Fishermen like to talk about their esprit de corps, and it is true that there is a warm camaraderie, a sense of being part of an elite brotherhood. Fishermen are like combat veterans who feel understood only by their comrades who have survived the same battles. But fishing is a constant struggle for economic survival. Each man works for shares of the catch. Anyone who can’t keep up, whether because of injury or age, is harassed out of the fishery. There are few fishermen over fifty. And because fishermen are technically self-employed and not salary earners, governments have been slow to recognize claims to social benefits for those who are out of work.

Lost in Fog by James Gayle Tyler, Russel W. Knight collection. (Peabody Essex Museum, Salem, Massachusetts)

One of the worst enemies of cod fishermen, especially in the days before radio, was fog. Since cod grounds are zones where warm and cold currents meet, fog is commonplace. It can be so thick that the bow of an eighty-foot vessel is obscured from midship. A lantern on the bow cannot be detected 100 feet away. Fishermen drift in a formless gray, tooting horns and blowing whistles, hoping other craft hear them and avoid collision. But the greatest danger was for the dorymen.

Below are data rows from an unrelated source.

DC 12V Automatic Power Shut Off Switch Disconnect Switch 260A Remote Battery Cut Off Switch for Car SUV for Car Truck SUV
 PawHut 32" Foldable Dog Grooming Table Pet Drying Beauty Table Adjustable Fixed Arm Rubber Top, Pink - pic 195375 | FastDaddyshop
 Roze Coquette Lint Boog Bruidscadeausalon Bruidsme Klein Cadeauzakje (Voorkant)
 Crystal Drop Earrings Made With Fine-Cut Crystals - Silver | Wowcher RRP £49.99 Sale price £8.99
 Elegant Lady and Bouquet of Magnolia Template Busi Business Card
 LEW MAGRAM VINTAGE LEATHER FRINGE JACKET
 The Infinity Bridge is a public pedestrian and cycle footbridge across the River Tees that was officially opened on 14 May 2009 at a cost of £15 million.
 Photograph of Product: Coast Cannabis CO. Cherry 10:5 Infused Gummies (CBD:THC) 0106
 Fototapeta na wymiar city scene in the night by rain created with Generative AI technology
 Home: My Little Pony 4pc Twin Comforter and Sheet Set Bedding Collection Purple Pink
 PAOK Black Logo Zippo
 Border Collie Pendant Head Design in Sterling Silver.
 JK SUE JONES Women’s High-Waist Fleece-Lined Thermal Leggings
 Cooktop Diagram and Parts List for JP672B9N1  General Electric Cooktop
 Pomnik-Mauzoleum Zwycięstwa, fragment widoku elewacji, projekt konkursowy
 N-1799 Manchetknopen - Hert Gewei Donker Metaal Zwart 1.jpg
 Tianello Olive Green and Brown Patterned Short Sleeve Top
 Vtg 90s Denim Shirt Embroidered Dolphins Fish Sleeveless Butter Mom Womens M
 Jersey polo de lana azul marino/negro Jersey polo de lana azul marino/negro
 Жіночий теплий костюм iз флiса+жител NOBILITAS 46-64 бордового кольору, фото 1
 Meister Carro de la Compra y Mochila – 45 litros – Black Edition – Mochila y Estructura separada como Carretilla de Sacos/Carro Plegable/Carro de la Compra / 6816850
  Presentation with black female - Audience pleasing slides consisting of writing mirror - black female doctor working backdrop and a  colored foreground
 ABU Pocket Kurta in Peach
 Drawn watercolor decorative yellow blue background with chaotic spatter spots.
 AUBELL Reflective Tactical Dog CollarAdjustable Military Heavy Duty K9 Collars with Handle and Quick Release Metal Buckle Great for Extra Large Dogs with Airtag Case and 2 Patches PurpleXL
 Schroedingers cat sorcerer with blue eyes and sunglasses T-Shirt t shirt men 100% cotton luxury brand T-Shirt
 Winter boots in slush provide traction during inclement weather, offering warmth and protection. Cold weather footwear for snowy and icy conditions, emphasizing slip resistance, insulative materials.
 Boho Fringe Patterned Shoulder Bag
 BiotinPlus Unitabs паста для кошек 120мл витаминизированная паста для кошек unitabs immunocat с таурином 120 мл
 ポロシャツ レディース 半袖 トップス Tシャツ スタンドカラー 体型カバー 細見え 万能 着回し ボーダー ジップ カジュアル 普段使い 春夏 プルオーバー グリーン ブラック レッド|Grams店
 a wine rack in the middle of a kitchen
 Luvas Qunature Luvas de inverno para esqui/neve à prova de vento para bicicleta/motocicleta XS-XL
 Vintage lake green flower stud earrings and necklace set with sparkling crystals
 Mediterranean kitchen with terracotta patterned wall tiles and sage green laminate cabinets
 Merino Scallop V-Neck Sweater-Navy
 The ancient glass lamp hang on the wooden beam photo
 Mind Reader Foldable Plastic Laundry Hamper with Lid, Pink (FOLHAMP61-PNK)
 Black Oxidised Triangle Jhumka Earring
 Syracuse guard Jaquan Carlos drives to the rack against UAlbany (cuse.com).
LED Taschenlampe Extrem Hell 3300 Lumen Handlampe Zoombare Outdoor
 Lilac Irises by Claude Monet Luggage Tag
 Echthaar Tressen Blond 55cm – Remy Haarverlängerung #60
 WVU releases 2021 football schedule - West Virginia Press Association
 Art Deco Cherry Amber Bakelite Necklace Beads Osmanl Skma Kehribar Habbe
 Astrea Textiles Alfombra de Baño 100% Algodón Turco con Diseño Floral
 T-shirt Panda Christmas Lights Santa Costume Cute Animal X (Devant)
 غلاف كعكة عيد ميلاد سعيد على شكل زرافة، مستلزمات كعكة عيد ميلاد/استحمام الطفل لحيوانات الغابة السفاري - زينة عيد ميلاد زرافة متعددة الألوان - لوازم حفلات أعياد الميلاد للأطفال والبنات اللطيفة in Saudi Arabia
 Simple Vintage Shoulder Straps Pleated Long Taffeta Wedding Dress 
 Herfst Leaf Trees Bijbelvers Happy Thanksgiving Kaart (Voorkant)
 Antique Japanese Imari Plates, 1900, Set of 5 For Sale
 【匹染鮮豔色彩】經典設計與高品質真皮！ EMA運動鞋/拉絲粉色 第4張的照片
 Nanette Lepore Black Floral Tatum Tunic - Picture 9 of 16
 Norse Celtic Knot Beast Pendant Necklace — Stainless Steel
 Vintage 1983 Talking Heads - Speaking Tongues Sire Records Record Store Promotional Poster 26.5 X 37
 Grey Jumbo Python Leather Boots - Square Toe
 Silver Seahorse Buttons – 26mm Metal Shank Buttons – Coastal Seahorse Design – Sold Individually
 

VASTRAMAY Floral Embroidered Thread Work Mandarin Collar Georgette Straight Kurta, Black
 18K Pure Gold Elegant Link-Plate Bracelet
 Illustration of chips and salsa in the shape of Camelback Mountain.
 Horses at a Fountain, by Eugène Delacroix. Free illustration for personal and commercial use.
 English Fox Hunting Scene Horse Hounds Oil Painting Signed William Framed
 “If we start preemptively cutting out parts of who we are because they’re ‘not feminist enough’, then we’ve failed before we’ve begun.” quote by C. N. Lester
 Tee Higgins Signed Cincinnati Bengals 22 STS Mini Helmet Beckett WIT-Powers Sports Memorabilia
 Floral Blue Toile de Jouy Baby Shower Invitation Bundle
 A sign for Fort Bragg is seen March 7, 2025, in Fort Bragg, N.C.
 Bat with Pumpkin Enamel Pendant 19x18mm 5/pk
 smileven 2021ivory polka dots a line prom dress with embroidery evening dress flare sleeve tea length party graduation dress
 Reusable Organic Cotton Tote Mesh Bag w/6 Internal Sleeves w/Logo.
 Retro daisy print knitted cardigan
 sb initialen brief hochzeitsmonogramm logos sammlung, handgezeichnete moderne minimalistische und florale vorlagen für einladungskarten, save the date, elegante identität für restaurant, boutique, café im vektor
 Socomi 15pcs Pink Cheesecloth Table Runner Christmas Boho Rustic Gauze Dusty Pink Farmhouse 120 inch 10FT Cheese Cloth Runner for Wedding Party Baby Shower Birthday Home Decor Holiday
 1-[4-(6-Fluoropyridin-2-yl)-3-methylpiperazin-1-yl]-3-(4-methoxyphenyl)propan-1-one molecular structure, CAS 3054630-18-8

From the seventeenth century to the 1930s, the common way to fish for cod and other groundfish was to go out to the Banks in a ship and then drop off small dories with two-man crews. The Portuguese, who were infamous on the Grand Banks for the harshness of their working conditions, used one-man dories. Europeans would cross the ocean in large barks built for deck space and large holds; New Englanders and Nova Scotians went out in schooners that could swiftly run back to shore to land fish; but all the dories were the same: twenty-foot deckless skiffs. The dorymen would generally use oars, and occasionally sail power, but they had to provide their own sails. Often they or their wives made them by sewing together flour sacks.

Being competitive with each other, dorymen sometimes secretively took off to grounds they had discovered. Many dorymen drowned or starved to death or died of thirst while lost in the fog, sifting through a blank sea for the mother ship. They tried to fish until their boat was filled with fish. The more fish were caught, the less sea-worthy the dory. Sometimes a dory would become so overloaded that a small amount of water from a wave lapping the side was all it took for the small boat to sink straight down with fish and fishermen.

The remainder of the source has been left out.